The Good Food & Wine Show and Oxford Landing Estates will host an exclusive lunch on Saturday 2 July where you can indulge in a carefully selected menu - designed by Marion and matched with Oxford Landing wines - as well as chat with Marion and Q&A session.
To get you in the mood here is one of Marion's recipes!
Confit duck with star anise & cherry sauce
Serves 6
There’s nothing like duck cooked in duck fat. Or potatoes cooked in duck fat. Or onions cooked in duck fat. Or pork belly cooked in duck fat. Hmmm, duck fat. I think fat is a wondrous thing. I like my steak fatty, my pork fatty and my bacon — you guessed it — fatty. Fat is flavour. In our low-fat, low-GI, high-protein, vita-supplemented eating world I think we can sometimes forget that simple fact. It’s almost blasphemous to talk of cooking with fat these days and yet our televisions are filled with advertisements tempting us with meal deals that wheel and deal in just that. Don’t get me wrong, I haven’t got a problem with meal deals and I will admit to loving a chicken nugget or six on occasion, but I try to forgo the regular eating of meal-deal fat so I can afford to indulge in a little home-cooked fat every now and then…or a little more often. For extra decadence, I like to serve this with duck fat potatoes.
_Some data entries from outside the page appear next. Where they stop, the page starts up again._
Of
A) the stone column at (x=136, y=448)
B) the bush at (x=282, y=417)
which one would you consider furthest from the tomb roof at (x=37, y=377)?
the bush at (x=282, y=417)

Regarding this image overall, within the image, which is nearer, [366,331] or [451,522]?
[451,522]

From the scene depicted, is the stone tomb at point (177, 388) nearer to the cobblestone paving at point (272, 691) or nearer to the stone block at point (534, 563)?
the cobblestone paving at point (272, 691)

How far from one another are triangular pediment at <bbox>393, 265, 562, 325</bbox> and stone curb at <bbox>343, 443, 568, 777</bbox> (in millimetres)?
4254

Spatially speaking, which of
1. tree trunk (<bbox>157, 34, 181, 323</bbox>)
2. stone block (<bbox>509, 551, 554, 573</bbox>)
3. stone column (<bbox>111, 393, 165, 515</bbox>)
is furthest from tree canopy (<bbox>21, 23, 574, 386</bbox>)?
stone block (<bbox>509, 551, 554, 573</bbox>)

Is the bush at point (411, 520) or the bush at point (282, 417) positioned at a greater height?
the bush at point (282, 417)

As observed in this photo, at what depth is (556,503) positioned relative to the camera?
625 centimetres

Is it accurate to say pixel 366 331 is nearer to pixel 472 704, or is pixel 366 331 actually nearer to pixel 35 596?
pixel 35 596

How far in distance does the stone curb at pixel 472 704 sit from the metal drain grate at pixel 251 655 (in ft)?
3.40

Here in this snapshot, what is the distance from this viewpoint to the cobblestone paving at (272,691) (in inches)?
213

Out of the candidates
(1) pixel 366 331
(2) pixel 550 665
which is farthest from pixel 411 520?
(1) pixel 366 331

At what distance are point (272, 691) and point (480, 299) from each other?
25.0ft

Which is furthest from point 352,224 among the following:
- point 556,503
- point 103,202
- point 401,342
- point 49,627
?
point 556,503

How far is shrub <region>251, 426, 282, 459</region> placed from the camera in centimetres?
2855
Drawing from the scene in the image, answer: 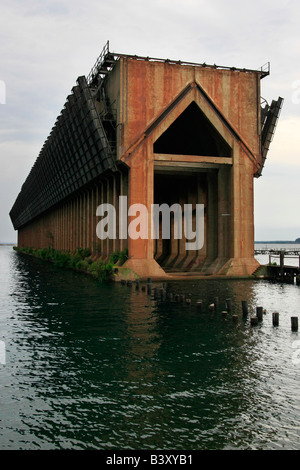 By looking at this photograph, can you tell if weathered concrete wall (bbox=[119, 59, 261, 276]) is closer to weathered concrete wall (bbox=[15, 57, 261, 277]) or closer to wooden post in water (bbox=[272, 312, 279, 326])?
weathered concrete wall (bbox=[15, 57, 261, 277])

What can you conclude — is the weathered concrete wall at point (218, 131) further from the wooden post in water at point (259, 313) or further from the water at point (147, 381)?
the wooden post in water at point (259, 313)

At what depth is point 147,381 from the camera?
12.9m

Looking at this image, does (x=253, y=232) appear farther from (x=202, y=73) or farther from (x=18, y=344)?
(x=18, y=344)

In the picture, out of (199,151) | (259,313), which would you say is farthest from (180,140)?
(259,313)

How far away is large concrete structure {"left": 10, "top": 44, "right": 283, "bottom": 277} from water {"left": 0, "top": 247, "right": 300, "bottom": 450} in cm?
1953

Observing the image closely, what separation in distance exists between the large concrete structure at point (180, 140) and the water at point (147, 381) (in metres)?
19.5

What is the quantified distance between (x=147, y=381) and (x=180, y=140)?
45457mm

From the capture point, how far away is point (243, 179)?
4481 cm

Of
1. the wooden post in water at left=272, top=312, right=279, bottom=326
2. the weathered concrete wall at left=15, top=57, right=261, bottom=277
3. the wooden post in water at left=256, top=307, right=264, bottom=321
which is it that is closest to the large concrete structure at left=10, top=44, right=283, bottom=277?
the weathered concrete wall at left=15, top=57, right=261, bottom=277

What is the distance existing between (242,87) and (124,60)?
12.4 m

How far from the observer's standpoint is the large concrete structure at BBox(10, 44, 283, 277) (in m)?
41.1

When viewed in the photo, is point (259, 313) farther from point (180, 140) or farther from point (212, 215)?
point (180, 140)

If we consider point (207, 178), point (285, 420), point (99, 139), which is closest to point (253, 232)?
point (207, 178) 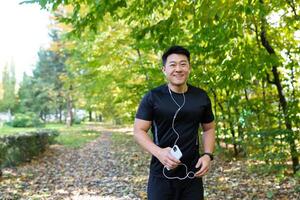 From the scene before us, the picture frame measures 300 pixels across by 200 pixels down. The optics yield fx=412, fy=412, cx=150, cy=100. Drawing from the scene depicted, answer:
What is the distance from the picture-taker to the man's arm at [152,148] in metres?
2.93

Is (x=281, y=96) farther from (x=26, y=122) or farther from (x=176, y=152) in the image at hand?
(x=26, y=122)

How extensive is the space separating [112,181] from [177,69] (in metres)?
6.24

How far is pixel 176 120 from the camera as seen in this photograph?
305cm

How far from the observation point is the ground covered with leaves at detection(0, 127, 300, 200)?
725 centimetres

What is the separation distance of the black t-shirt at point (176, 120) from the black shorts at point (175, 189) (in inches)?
2.4

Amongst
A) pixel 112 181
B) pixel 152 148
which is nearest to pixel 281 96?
pixel 112 181

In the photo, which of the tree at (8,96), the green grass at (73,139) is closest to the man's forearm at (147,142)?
the green grass at (73,139)

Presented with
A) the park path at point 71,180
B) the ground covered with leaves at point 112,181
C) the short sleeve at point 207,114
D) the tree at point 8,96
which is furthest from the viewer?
the tree at point 8,96

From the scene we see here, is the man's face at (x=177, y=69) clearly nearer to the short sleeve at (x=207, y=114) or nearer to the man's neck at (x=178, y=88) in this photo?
the man's neck at (x=178, y=88)

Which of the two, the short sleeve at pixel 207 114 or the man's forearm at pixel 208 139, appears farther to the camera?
the man's forearm at pixel 208 139

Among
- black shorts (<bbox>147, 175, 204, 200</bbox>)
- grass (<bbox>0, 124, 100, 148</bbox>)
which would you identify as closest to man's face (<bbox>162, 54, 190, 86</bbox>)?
black shorts (<bbox>147, 175, 204, 200</bbox>)

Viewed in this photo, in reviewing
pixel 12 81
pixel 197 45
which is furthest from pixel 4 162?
pixel 12 81

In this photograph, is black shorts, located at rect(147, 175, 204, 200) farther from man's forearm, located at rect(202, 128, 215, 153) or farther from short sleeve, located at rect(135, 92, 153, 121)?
short sleeve, located at rect(135, 92, 153, 121)

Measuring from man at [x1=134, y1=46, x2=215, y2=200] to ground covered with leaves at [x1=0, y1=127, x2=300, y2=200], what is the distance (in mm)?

Simply boil quartered potatoes until just tender, drain, then cook in a large non-stick pan with a big spoonful of duck fat until golden.
2 tablespoons sea salt
3 garlic cloves
1 teaspoon black peppercorns
1 star anise
6 thyme sprigs
6 duck marylands
2 kg duck or goose fat – buy duck or goose fat from butchers and gourmet food shops, plus olive oil for topping up
Cherry sauce
1/4 cup red wine
680 g jar morello cherries, drained, 1/4 cup syrup reserved - available in the canned fruit section of most supermarkets
2 tablespoons white sugar
2 star anise
1 cinnamon stick
First we need to get together a flavoured salt. Use a mortar and pestle to lightly pound the salt, garlic cloves, peppercorns, star anise and thyme sprigs. You want the garlic to be slightly crushed and the spices cracked. Rub the salty mixture into the duck pieces, cover with plastic wrap refrigerate overnight to marinate.
Now for the confit bit. Preheat the oven to 100°C.
Rinse the duck under cold water to remove the salt mixture. Pat dry and place in a casserole dish or deep roasting tray that’s just large enough to fit the duck in one snug layer.
Heat the duck or goose fat in a saucepan until just melted. Pour over the duck, making sure all the pieces are completely covered — top up with a little olive oil, if you don’t quite have enough.
Bake for 2 hours or until the meat is soft and shrinking back from the bone. Remove from the oven. At this stage you can crisp up the duck skin and enjoy immediately or store the confit duck to improve the flavour. If you’d like to store it, transfer the pieces to a large sterilised jar or container. Strain the fat into the jar to completely cover. Cool, then store in the fridge until you’re ready to serve. You can store the confit duck like this for up to 2 weeks.
Ready to eat? Preheat the oven to 160°C. Heat a heavy-based frying pan over medium heat. Remove the duck pieces from the fat. You will need to scrape away the excess fat, if you’ve been storing them in the fridge. Add to the pan, skin-side first, and sear for 3–4 minutes or until the skin is golden and crisp. Turn the duck pieces over and cook on the other side for about 2 minutes or until warmed through. Transfer to a roasting tray and keep warm in the oven while you make the cherry sauce.
Pour off most of the fat from the pan, leaving about 1 tablespoon and put it back on medium heat. Pour in the red wine and let it sizzle for half a minute, using a wooden spoon to scrape off any crisp duck bits from the base of the pan. Add the cherries and reserved syrup, sugar, star anise and cinnamon. Simmer for about 15 minutes to infuse the flavours and let the cherries collapse and thicken the sauce slightly.
Serve the duck with generous spoonfuls of sweet cherry sauce.
Dutch cream mash
Serves 4
A potato called ‘dutch cream’ simply has to be good for mashing. And it certainly doesn’t disappoint. It has an incredibly rich, yellowy, creamy flesh that whips into an incredibly rich, yellowy, creamy mash.
1 kg dutch cream potatoes, washed, peeled and cut into equal-sized chunks
1 heaped tablespoon sea salt, plus 1 teaspoon extra
100 g unsalted butter
1/4 cup milk
Add the butter, milk and extra salt and mash together, then get out a wooden spoon and vigorously whip the potatoes until your arms can whip no more. Have a taste and add more butter or salt to your liking.